A year ago, I wrote an article for Conversation about a mysterious outbreak of pneumonia in the Chinese city of Wuhan, which turned out to be the beginning of the COVID-19 pandemic.
At the time of writing, very little was known about the disease and the virus that causes it, but I warned of concerns about emerging coronaviruses, citing SARS, MERS and others as important examples.
Since then – and every day since – we continue to learn so much about SARS-CoV-2 and COVID-19, finding new ways to control the pandemic and, no doubt, keep us safe for decades to come.
Here’s what we learned from January last year and what else we have to learn.
Lessons learned
Initially, the disease we now call COVID-19 has been described in terms of lung inflammation, or pneumonia, in the elderly. But we now know that SARS-CoV-2 infection can lead to a wide range of symptoms in people of all ages, from no symptoms to systemic inflammation and death.
And then there are the persistent symptoms that many suffer from – the so-called “long COVID”. We are also beginning to destroy the various stages of the disease, damage to organs (such as the heart and brain) and the role of co-infections with bacteria and fungi.
As of January 2020, there was limited evidence of human-to-human transmission. If it did exist, it was thought to be similar to its cousin SARS-CoV-1 virus, which causes SARS, because the infection spreads relatively late in the disease, when symptoms are at their peak.

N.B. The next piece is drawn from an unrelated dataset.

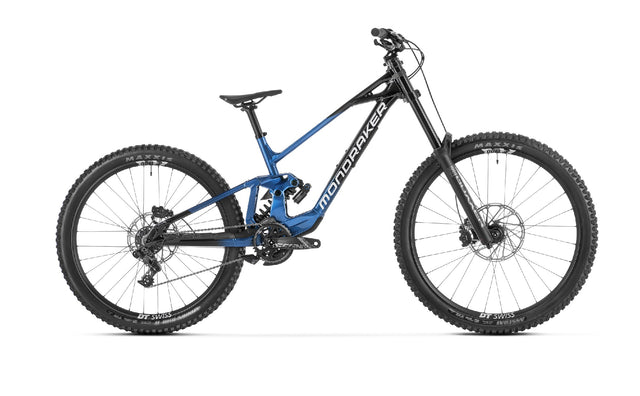 Mondraker 2027 Summum R Mullet Quasar Blue [sz:large]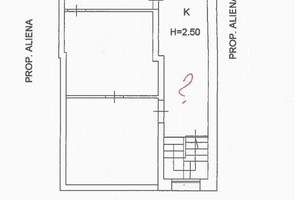 Appartamento con terrazzo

However, early studies have shown that the spread among humans has been extremely effective for SARS-CoV-2 and that it could happen quickly and before the worst of symptoms begin. This made control difficult without sensitive and specific tests now using the famous PCR test.
Social distancing, hygiene and masks would help limit the spread along with isolation and quarantine.
Initially, there were no treatments or vaccines against COVID-19 other than hospital support, such as oxygen supply when patients had difficulty breathing or antibiotics when they caught a secondary bacterial infection.
In the months following January, researchers quickly tested new therapies for COVID-19, identified dexamethasone, and developed many safe and highly effective vaccines against COVID-19 that are now in use.
Future questions
Although we learn daily about COVID-19, there remain some important scientific questions that will shape the future of SARS-CoV-2 and humanity for decades to come. The first is how will SARS-CoV-2 evolve, adapt and change over the next year in the face of natural or vaccinated immunity?
A second point, less academic, would be whether this is important. Our public health treatments and measures will continue to work, but what about our vaccines?
We continue to track, predict and understand the evolution of SARS-CoV-2 in terms of vaccine “escape”, and all our available evidence suggests that it is minimal at best and that our current vaccine platforms are robust enough to withstand any changes if necessary.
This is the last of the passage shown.